= Hector Gilliland =

Australian painter

Hector Beaumont Gilliland (1911–2002) was an Australian artist, best known for watercolor landscapes.

Gilliland was born in Tasmania and educated at Sydney Technical High School, living at Leichhardt. In 1930 he started as a survey draftsman for Land Titles, New South Wales Public Service, and was based near the Art Gallery of New South Wales where he frequently visited at lunch. After suffering a bad concussion that prevented him serving in the military, he joined the Commonwealth Public Service in 1942, based in Canberra.

While training as a surveyor and draftsman he was studying art part-time and at night classes.
His Summer Morning was purchased by the National Gallery of NSW in 1944 His 1946 watercolors Windy Day, Canberra and Corkhills were noticed by the SMH art critic and given equivocal approval and perhaps the same critic noticed his River Bank in 1947, re-echoing the thought that he had fallen short of Cezanne's "cubist ideals".

Gilliland helped re-establish the Artists' Society of Canberra and was its Secretary and/or President 1945–1952. In 1950 another member, Victor Forstmann had his portrait of Gilliland accepted for Archibald Prize judging. He was a member of the Watercolour Institute from 1944 to at least 1979.

Gilliland began painting his mature body of work, the Saqqara series in 1976 at 65 years of age. This body of work features minimal geometric abstractions that departed from his earlier figurative work and organic abstractions, while maintaining his focus on spatial effects of colour and shape.

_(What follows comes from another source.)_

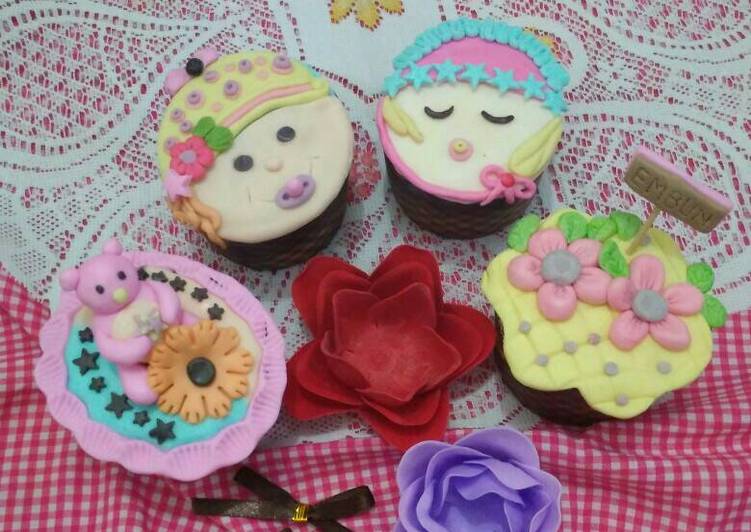 gambar untuk cara membuat Brownies Cupcake Fondant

The series takes its title from the Egyptian city of Saqqara, which Gilliland never visited, but suggested was the imaginative departure point for his investigations: "It began in the sunset of a June day [in 1954] as I stood on the afterdeck of a freighter coming down the Suez Canal, looking to the west across Egypt, imagining what could not be seen[...]I have not been to Saqqara - have only read enough to cause me to marvel at the achievements of such an ancient civilization as the Egyptian - but cannot dissociate the name from what I am attempting to do." According to Gilliland, the role of imagination became fundamental to his practice of art: "I now choose to think that the artist's function is to discover by the act of imagining, to know and to be aware of knowing by the act of imagining; and that the scope of this function is universally limitless"

Gilliland is represented at the National Gallery, Canberra, state galleries of New South Wales, Victoria, South Australia and Western Australia, and many large regional galleries including Newcastle, Launceston, Bendigo and Bathurst.